╭─ Data section

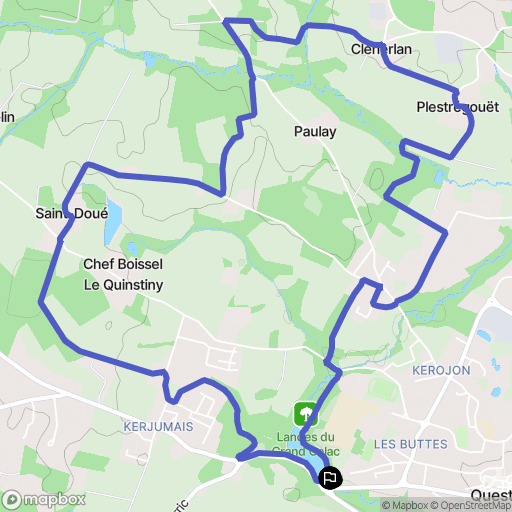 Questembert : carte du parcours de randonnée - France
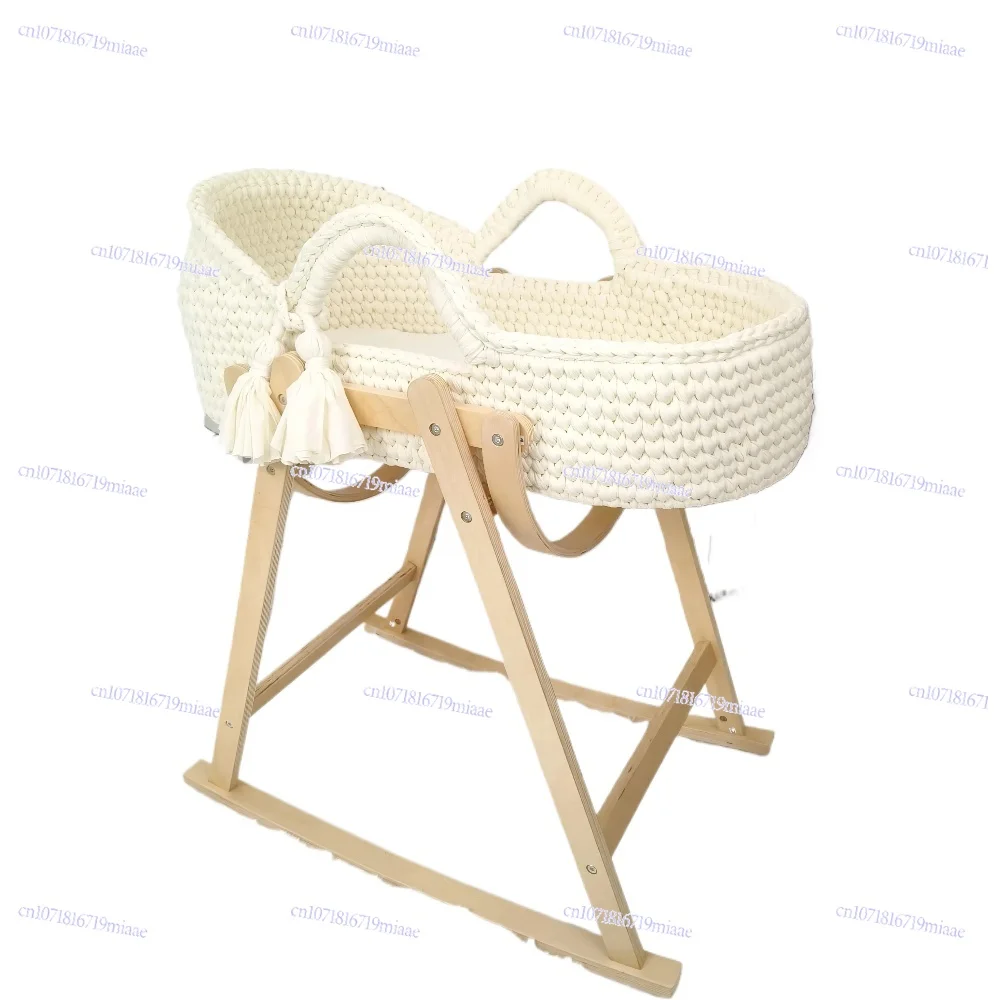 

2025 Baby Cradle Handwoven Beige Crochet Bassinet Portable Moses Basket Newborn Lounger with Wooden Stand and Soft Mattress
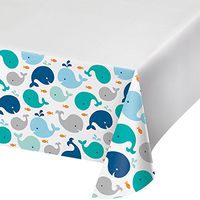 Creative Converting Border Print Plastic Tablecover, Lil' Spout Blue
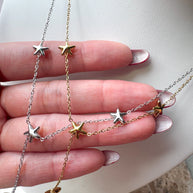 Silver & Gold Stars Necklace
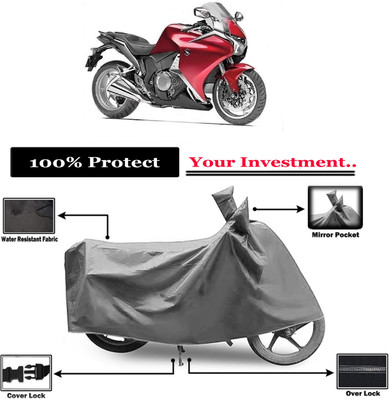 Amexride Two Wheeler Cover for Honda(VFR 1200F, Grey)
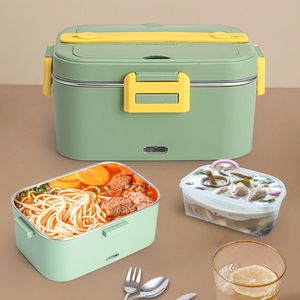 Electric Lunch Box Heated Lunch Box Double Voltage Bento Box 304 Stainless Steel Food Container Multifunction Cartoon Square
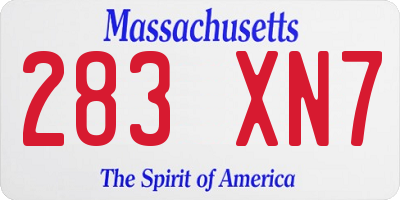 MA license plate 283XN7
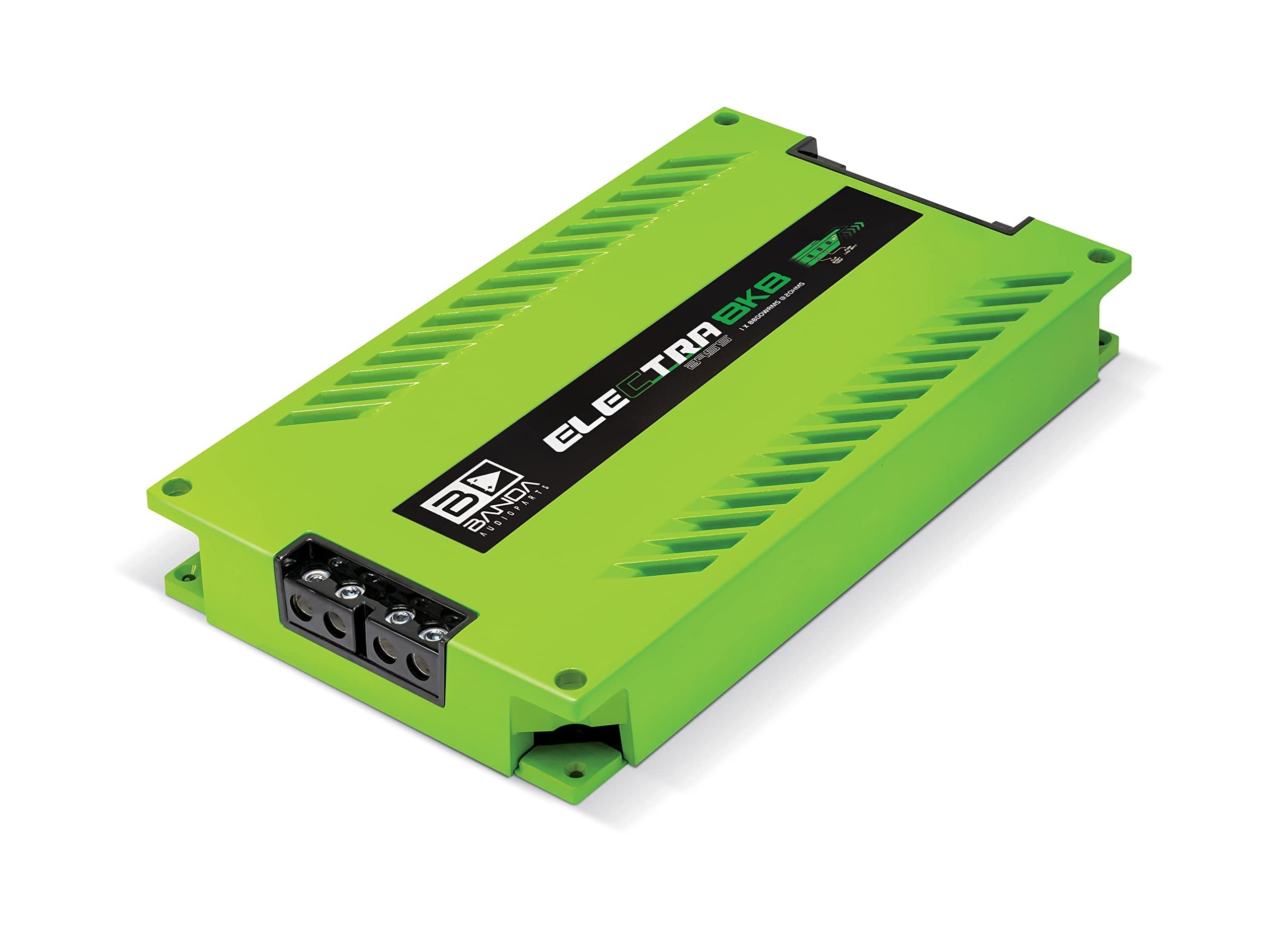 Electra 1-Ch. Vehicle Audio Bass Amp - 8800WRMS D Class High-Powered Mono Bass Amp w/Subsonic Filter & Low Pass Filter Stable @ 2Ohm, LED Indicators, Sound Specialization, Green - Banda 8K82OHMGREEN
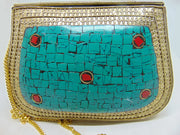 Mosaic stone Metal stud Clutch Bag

╰─

### Exercise prompt
When you reproduce the entries above, keep every word exact and leave the images out.

### Written answer
 Questembert : carte du parcours de randonnée - France

2025 Baby Cradle Handwoven Beige Crochet Bassinet Portable Moses Basket Newborn Lounger with Wooden Stand and Soft Mattress
 Creative Converting Border Print Plastic Tablecover, Lil' Spout Blue
 Silver & Gold Stars Necklace
 Amexride Two Wheeler Cover for Honda(VFR 1200F, Grey)
 Electric Lunch Box Heated Lunch Box Double Voltage Bento Box 304 Stainless Steel Food Container Multifunction Cartoon Square
 MA license plate 283XN7
 Electra 1-Ch. Vehicle Audio Bass Amp - 8800WRMS D Class High-Powered Mono Bass Amp w/Subsonic Filter & Low Pass Filter Stable @ 2Ohm, LED Indicators, Sound Specialization, Green - Banda 8K82OHMGREEN
 Mosaic stone Metal stud Clutch Bag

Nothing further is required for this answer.